I took the bus into the city and spent the rest of the day wandering around, watching street performers and people who weren’t quite street performers but were interesting all the same. In the city, you’d see things like men wearing skirts for fashion and totally rocking it and people doing cool tricks on skates. They didn’t have a hat or a violin case out for money; they just wanted to be seen, and noticed, and appreciated. That was a service I provided, with a cheer when they landed their jump or a compliment to someone’s hair or outfit when I passed them in the street. 

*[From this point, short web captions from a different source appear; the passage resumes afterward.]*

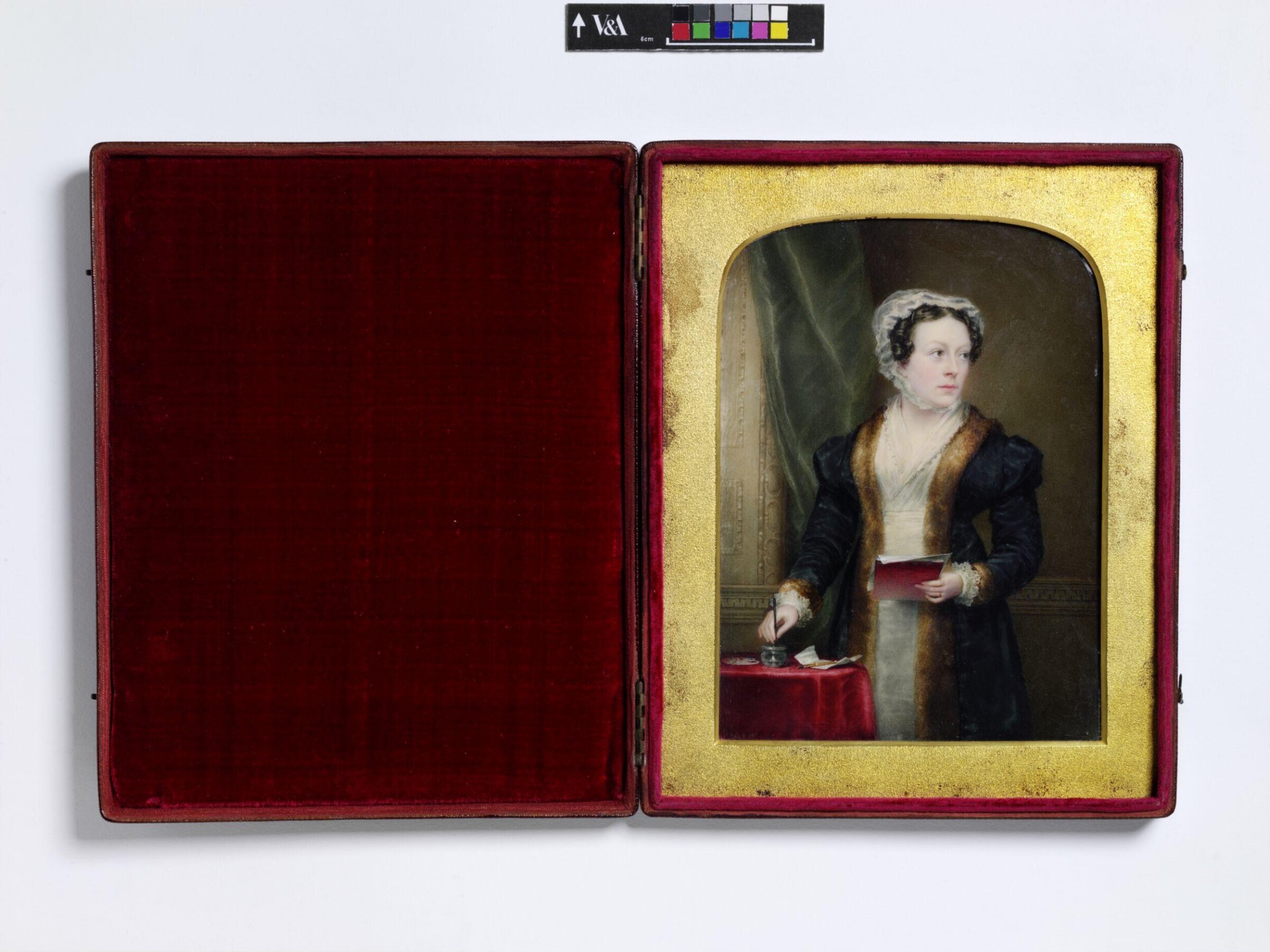 Miniature Self-portrait of Mrs Christina Robertson, Christina Robertson, ca. 1822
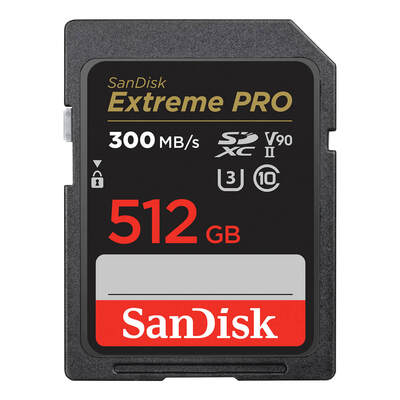 SANDISK SDXC Extreme Pro 512GB 300MB/s UHS-II V90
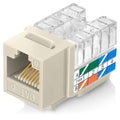 Everest 90° Angled RJ45 Cat6 Keystone Jacks 10-Pack in Ivory by EverestMediaSolutions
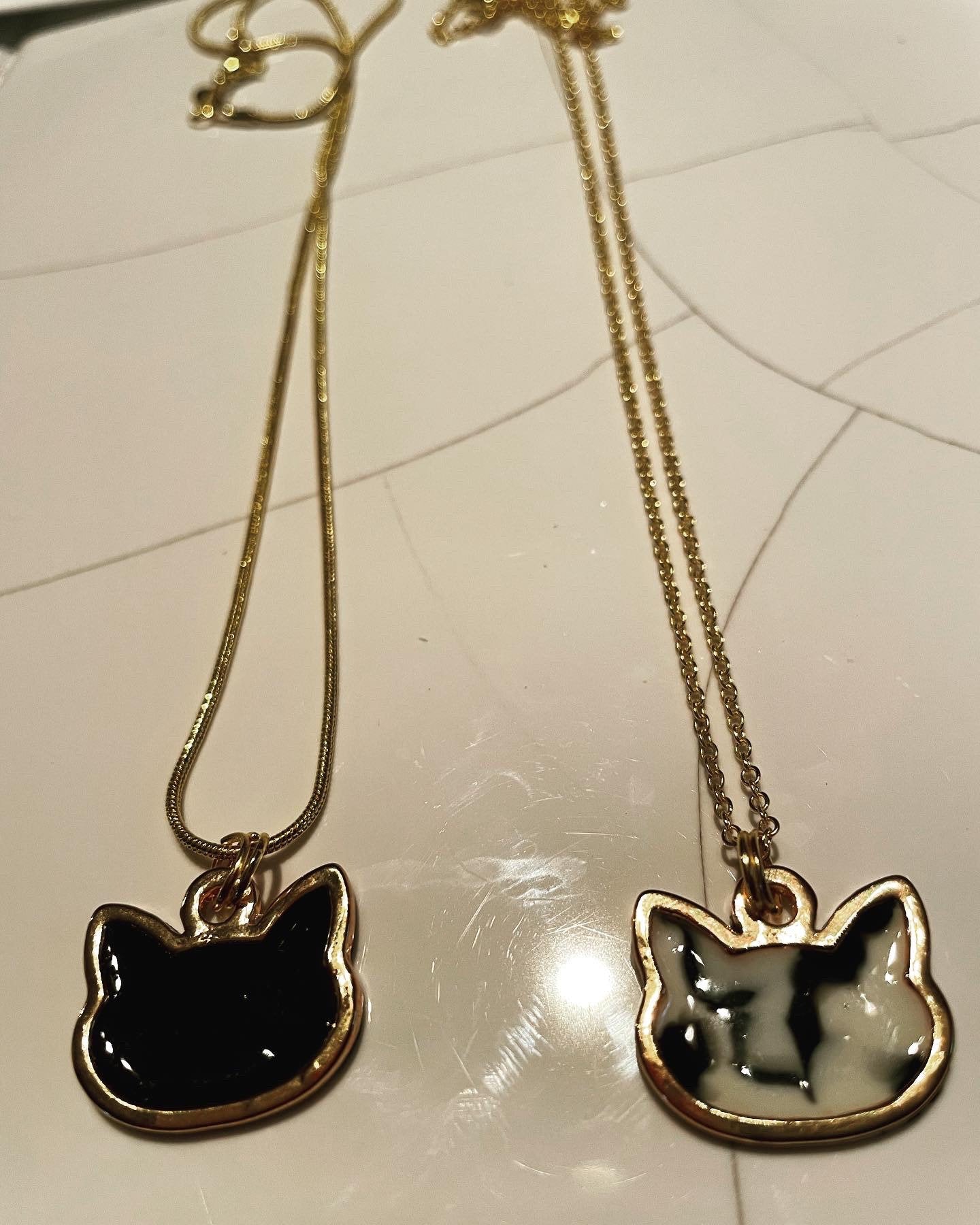Cat Charm Necklaces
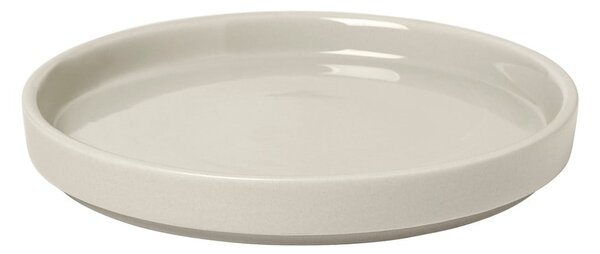 Bijeli keramički tanjur Blomus Pilar, Ø 14 cm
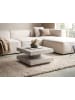 KADIMA DESIGN Couchtisch 60x60x34 cm Sandfarben Sofatisch in Stein-Optik Modern, in Beige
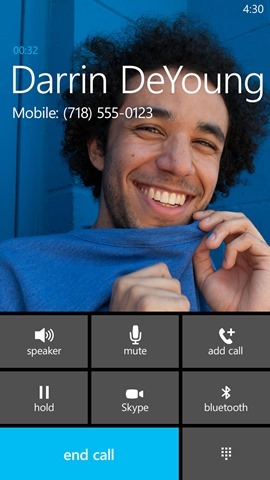 Skype for Windows Phone 8.1 整合 Cortana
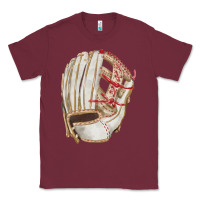 Burgundy Catchers Mitt Fa Element Classic Tee - FaDigitalArtStudio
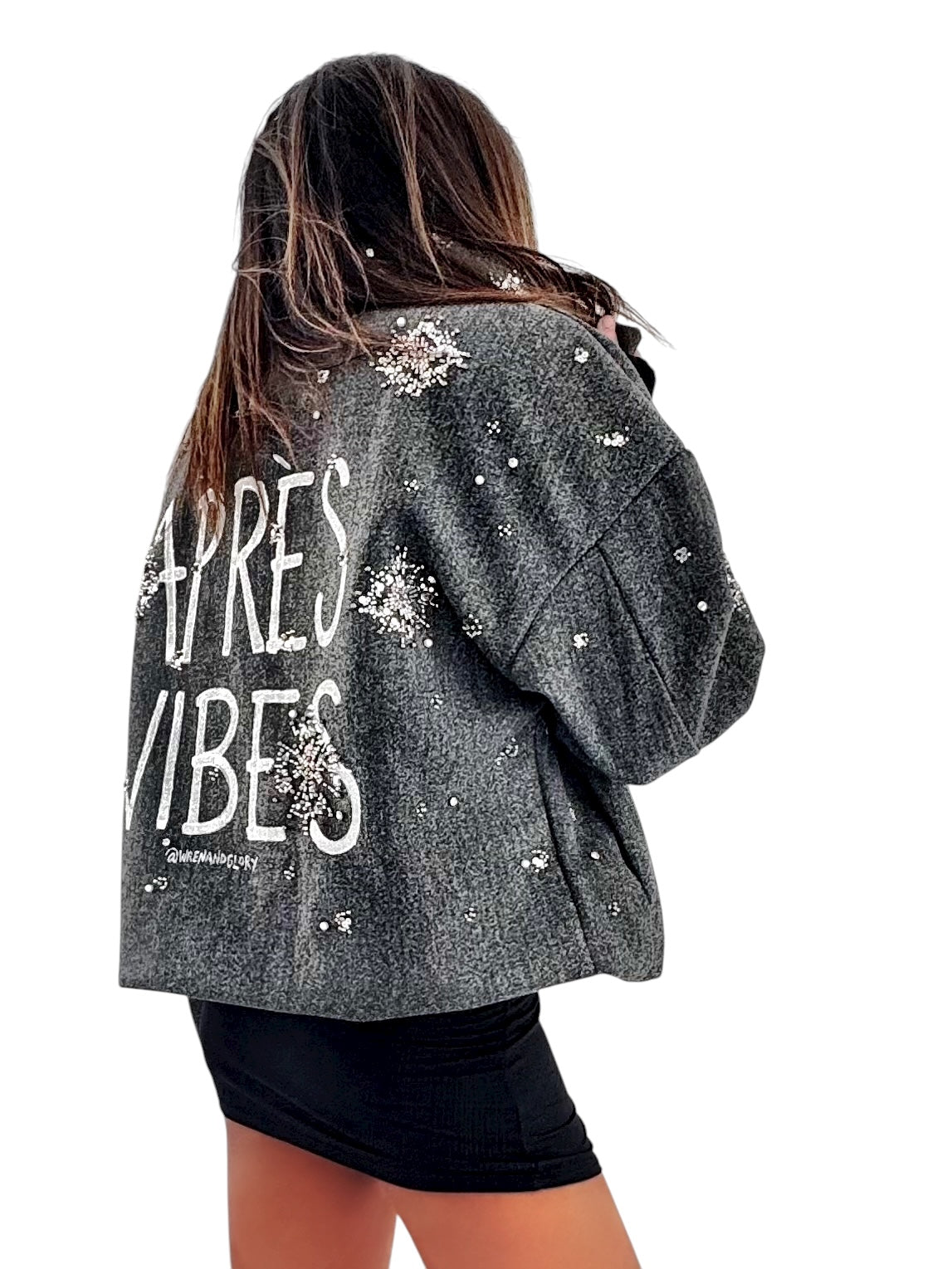 'Apres Vibes' Painted Coat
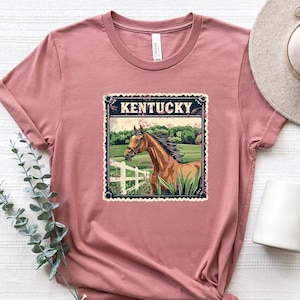 Chemise Kentucky, cadeau de voyage Kentucky, sweat-shirt Kentucky State, t-shirt Kentucky Home, T-shirt État d'origine, t-shirt carte du Kentucky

As it started to get dark, I popped into my favourite bakery and aggressively flirted with the cashier—in front of his very amused girlfriend, who also worked there—until he gave me half price on the already-discounted doughnuts they were selling off at the end of the day. 

By that point, it was past closing time for the nursery, so I grabbed the next bus for the long ride back. The doughnuts were kind of squished by the time I made it in because I’d shoved them in my backpack and then slept on it on the bus, but they still tasted great.

I wanted to go out and take some pictures of shade-loving plants for Cam right away, but it was dark and I didn’t have a torch. Turned out that was probably a good thing, because after a bit more thinking I realised it’d probably raise a few questions if I started sending him pictures of this place taken at night. I got the feeling Justin at least already suspected something was up. Probably not exactly this, but some of the things he’d said made me think he thought maybe I was homeless or something. 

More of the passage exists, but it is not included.